**Source material:**
+ + +

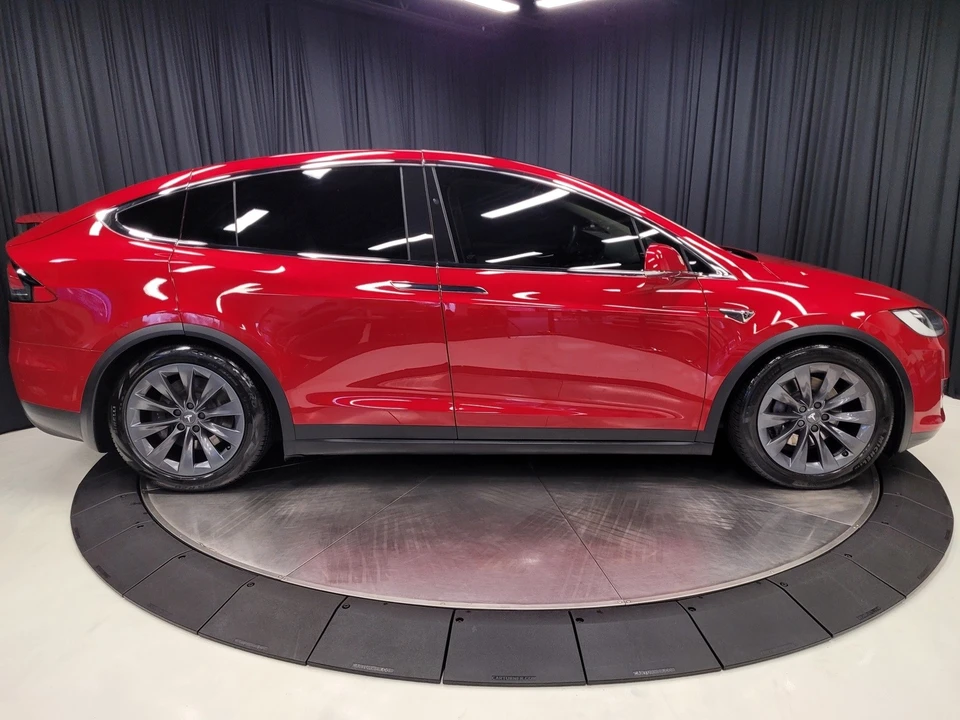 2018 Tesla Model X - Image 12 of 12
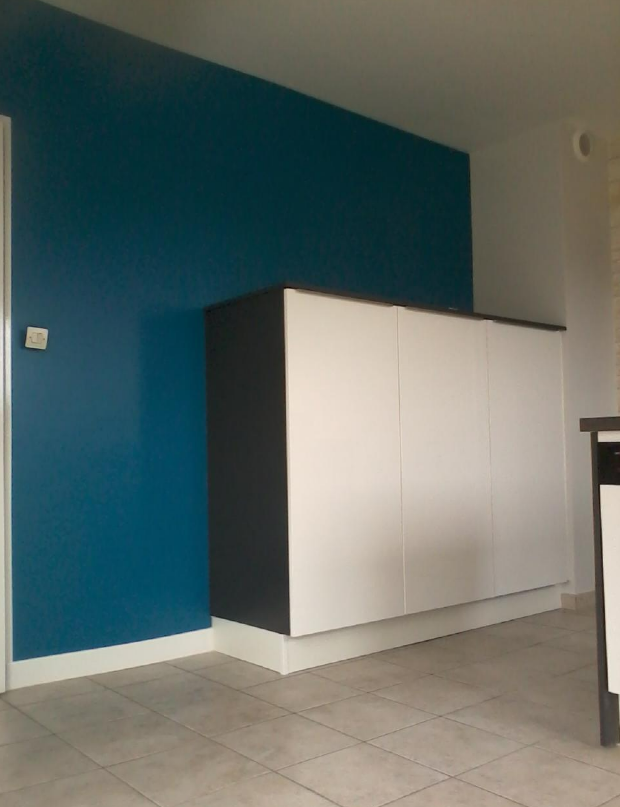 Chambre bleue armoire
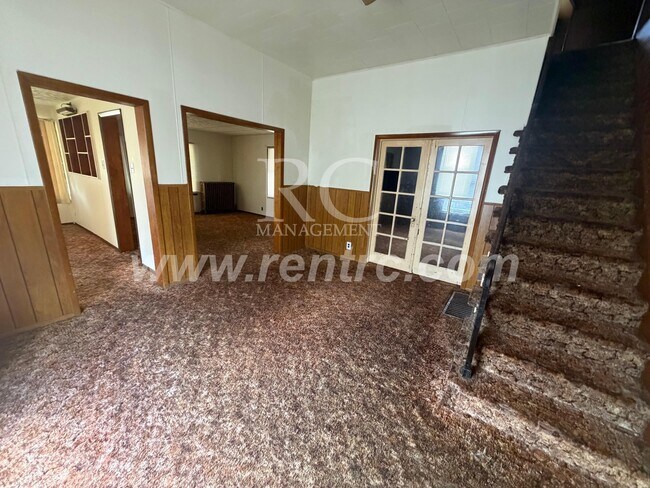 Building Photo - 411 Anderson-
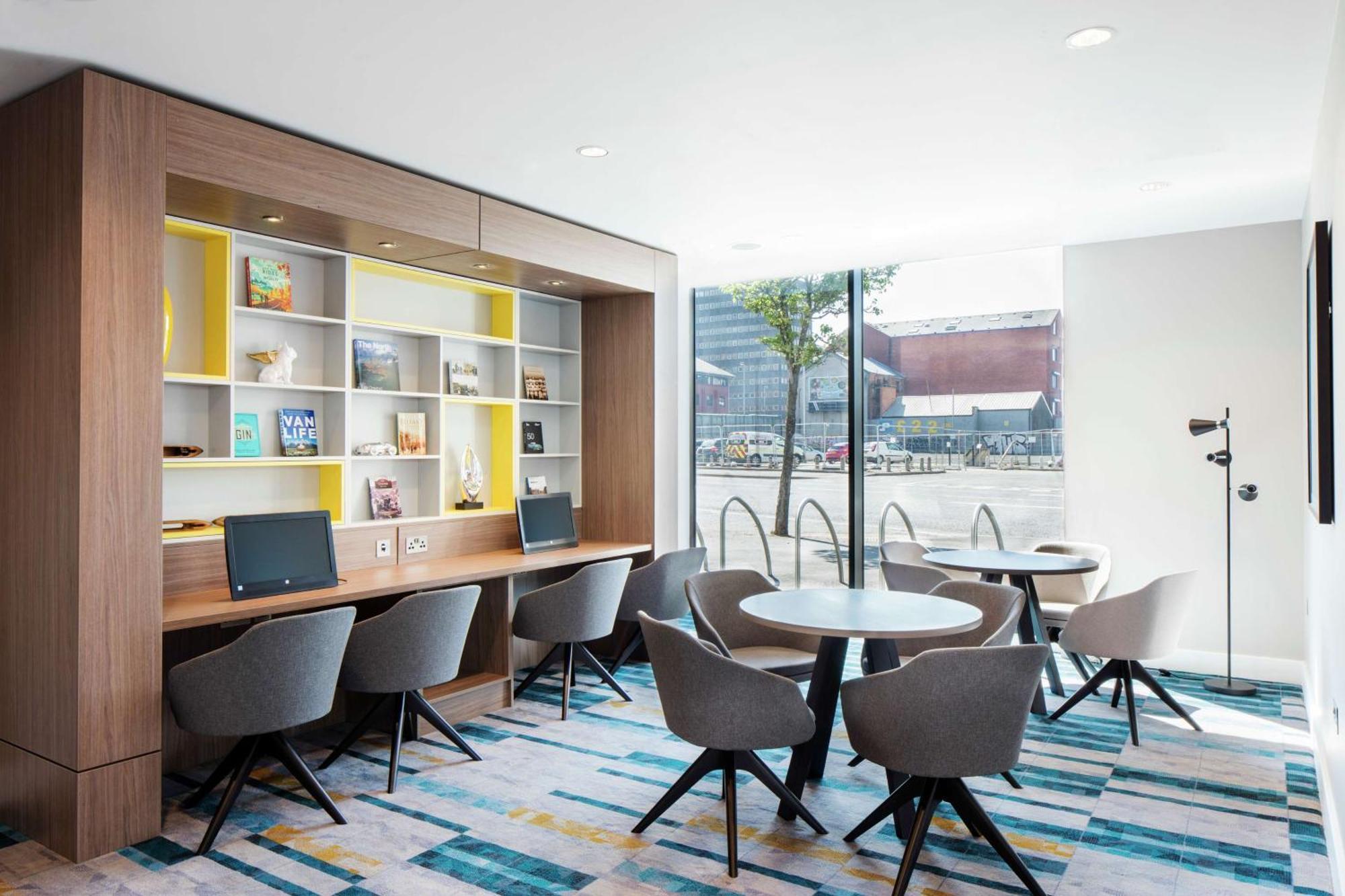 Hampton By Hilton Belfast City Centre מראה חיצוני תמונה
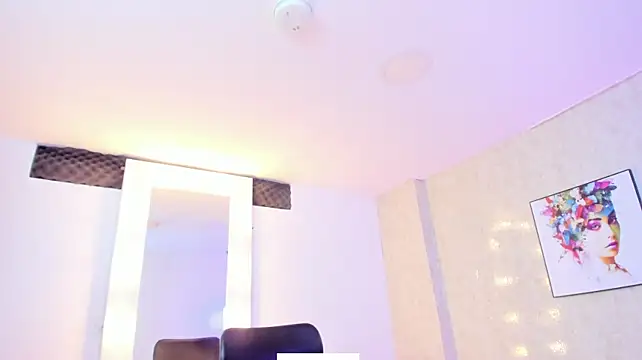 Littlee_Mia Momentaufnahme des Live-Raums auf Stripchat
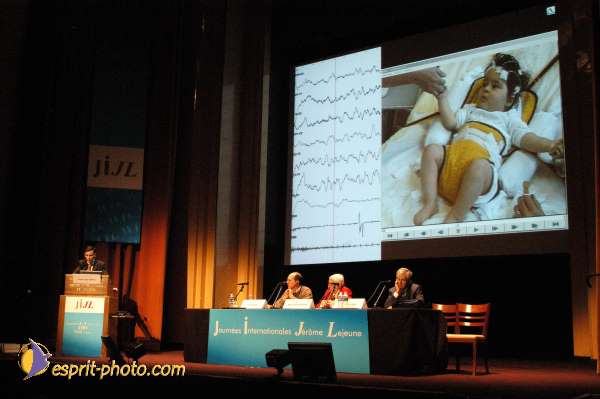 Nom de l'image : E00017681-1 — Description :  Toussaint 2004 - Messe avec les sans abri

+ + +

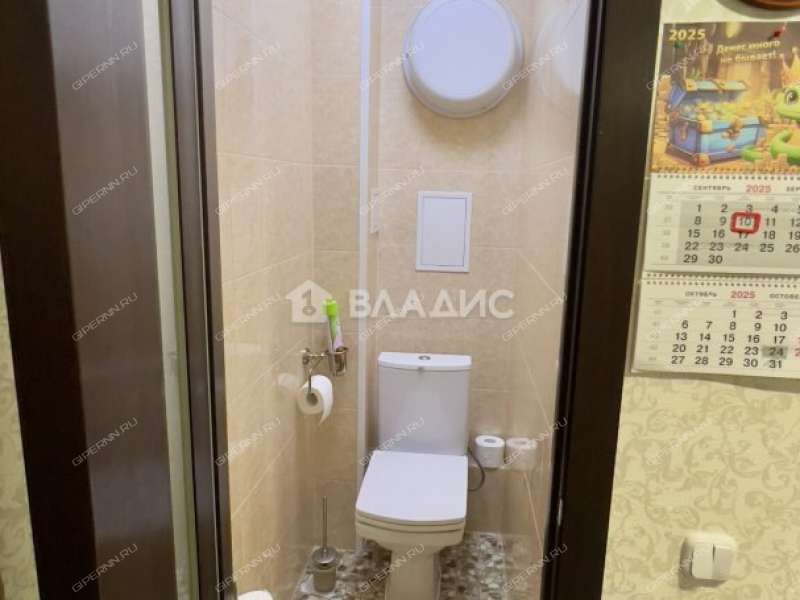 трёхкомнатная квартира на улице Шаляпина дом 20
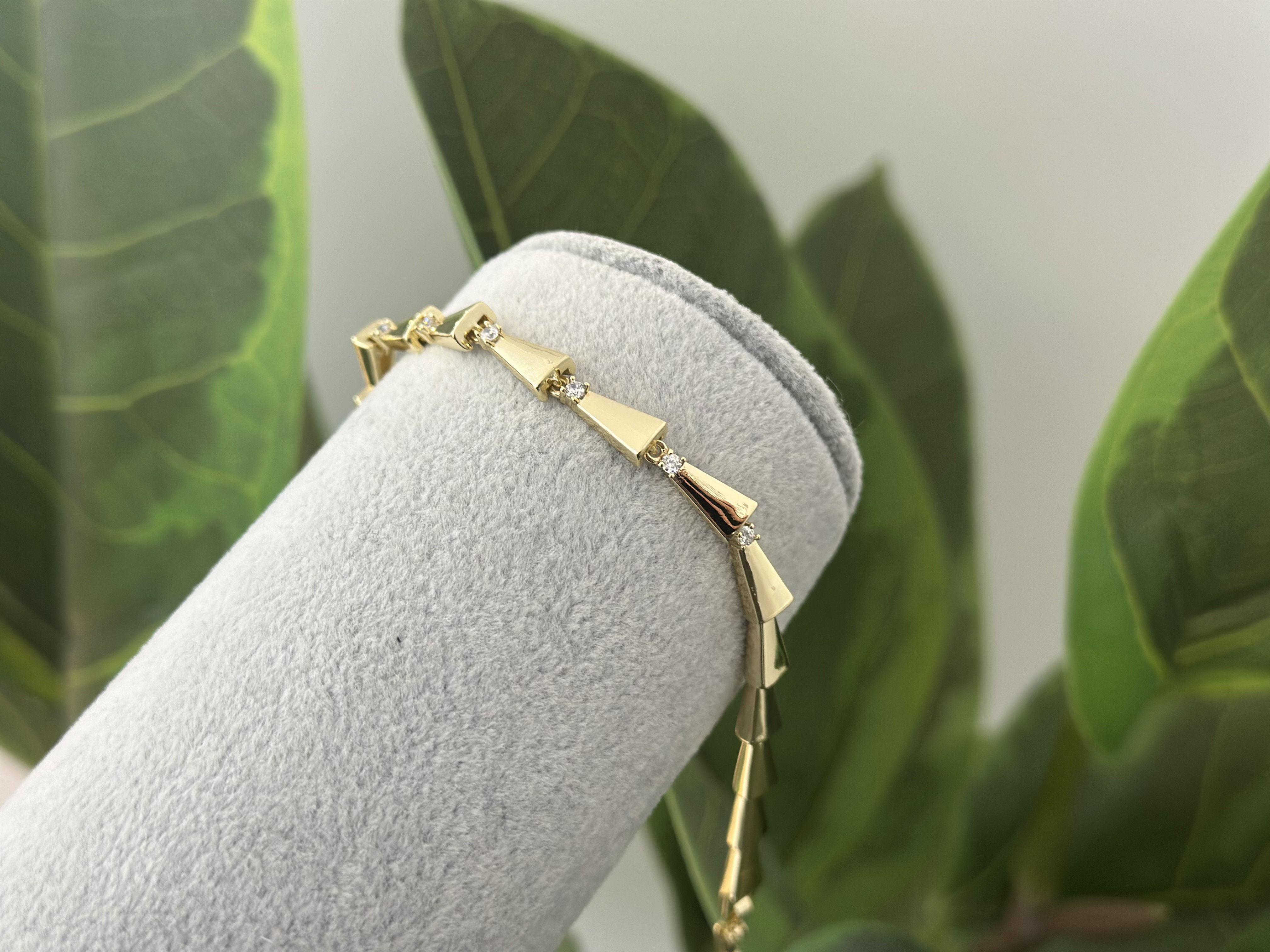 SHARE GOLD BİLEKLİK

+ + +

**What is expected:**
Return only the part above that opens with the line containing "2018 Tesla Model X - Image 12 of 12" and closes with the line containing "Nom de l'image", exactly and with both ends, skipping the pictures.

**Solution for this exercise:**
 2018 Tesla Model X - Image 12 of 12
 Chambre bleue armoire
 Building Photo - 411 Anderson-
 Hampton By Hilton Belfast City Centre מראה חיצוני תמונה
 Littlee_Mia Momentaufnahme des Live-Raums auf Stripchat
 Nom de l'image : E00017681-1 — Description :  Toussaint 2004 - Messe avec les sans abri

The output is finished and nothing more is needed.